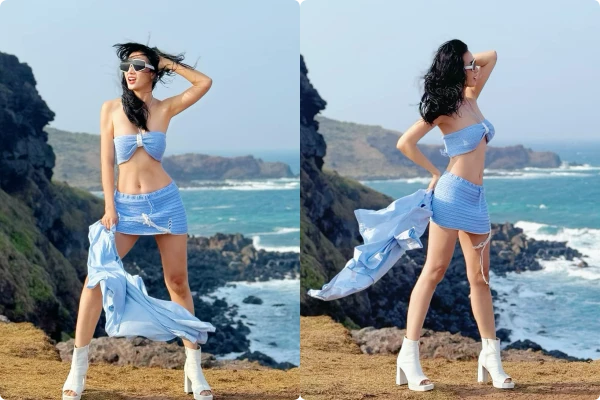 Siêu mẫu Anh Thư khoe dáng nuột với bikini trên bờ biển 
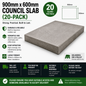 900mm x 600mm Council Slab (20-Pack) – Durable Utility Concrete Paving Slabs for Patios, Paths & Bases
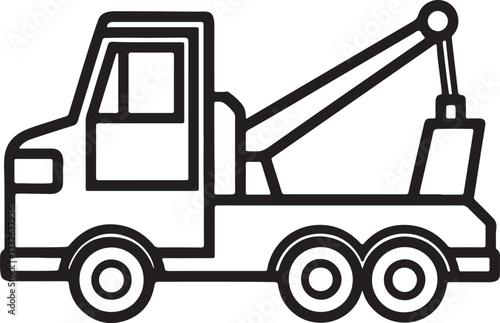 tow truck line art, black outline, vector and illustration, coloring book page line art drawing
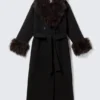 Abrigo largo oversize con ribetes de piel sintética – Negro – Piel sintética marrón Abrigo largo oversize con ribetes de piel sintética – Negro – Piel sintética marrón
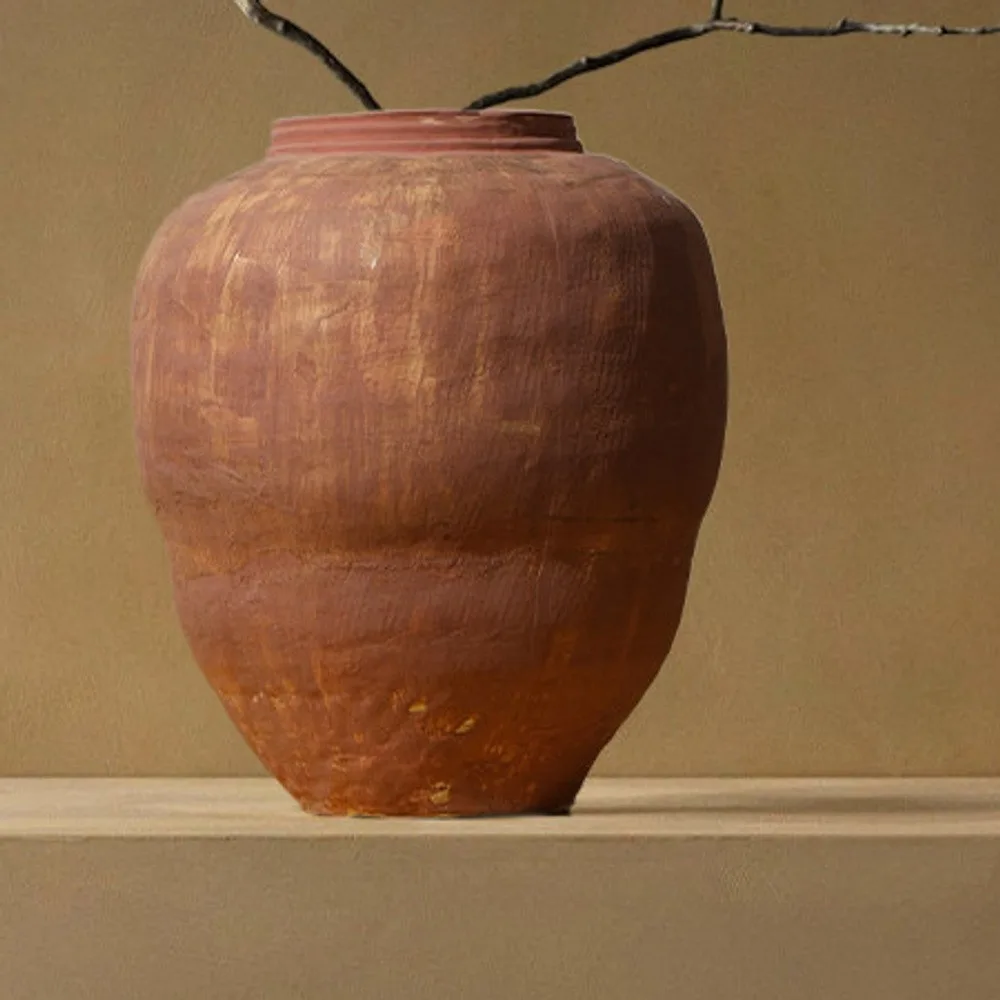 Jingdezhen Terracotta Wabi-Sabi Floor Vase in rust — front view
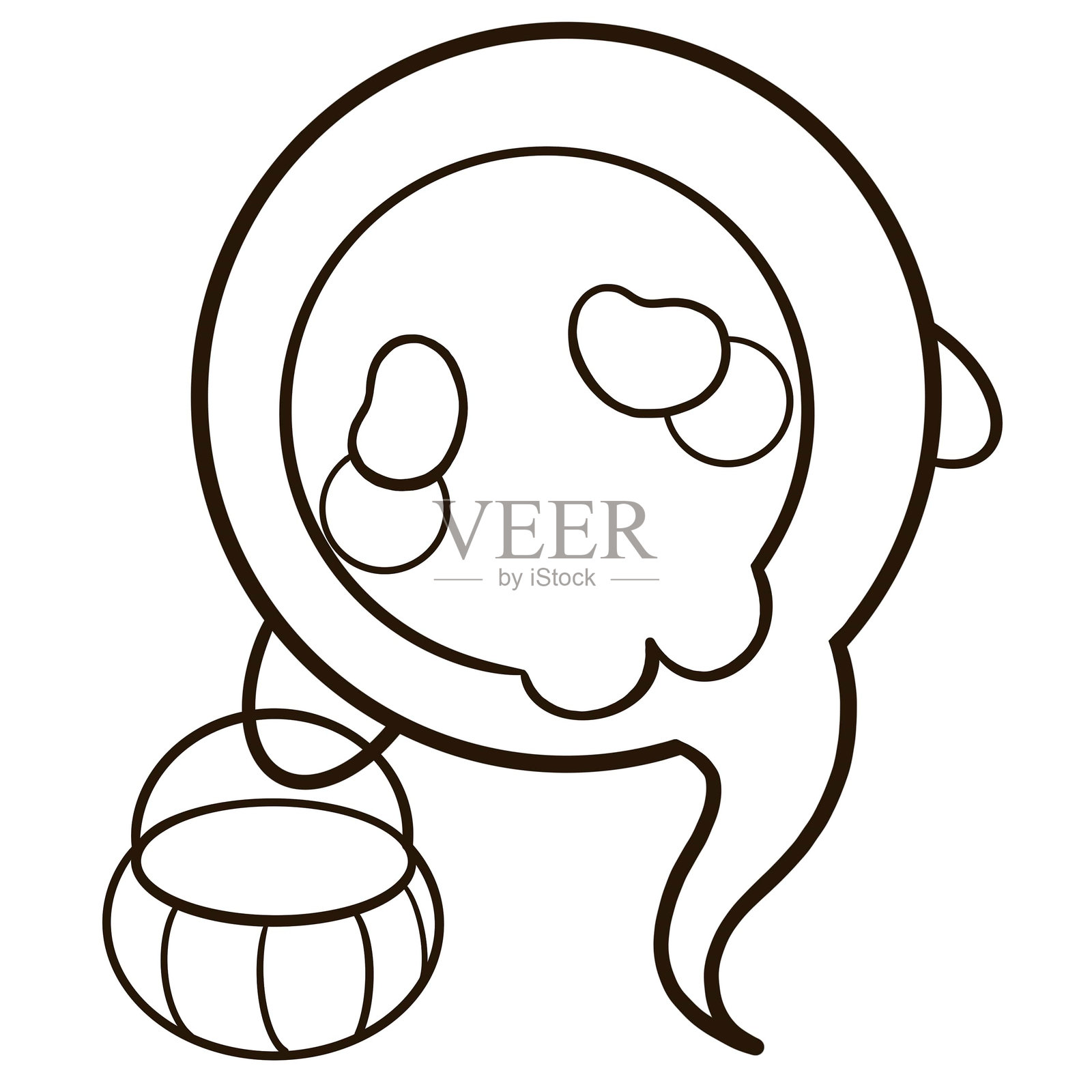 手里拿着桶的卡通鬼魂照片摄影图片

====================

Required work:
Repeat, exactly and in full, every entry in the data, but not the pictures.

Result of the exercise:
 Siêu mẫu Anh Thư khoe dáng nuột với bikini trên bờ biển 
 900mm x 600mm Council Slab (20-Pack) – Durable Utility Concrete Paving Slabs for Patios, Paths & Bases
 tow truck line art, black outline, vector and illustration, coloring book page line art drawing
 Abrigo largo oversize con ribetes de piel sintética – Negro – Piel sintética marrón Abrigo largo oversize con ribetes de piel sintética – Negro – Piel sintética marrón
 Jingdezhen Terracotta Wabi-Sabi Floor Vase in rust — front view
 手里拿着桶的卡通鬼魂照片摄影图片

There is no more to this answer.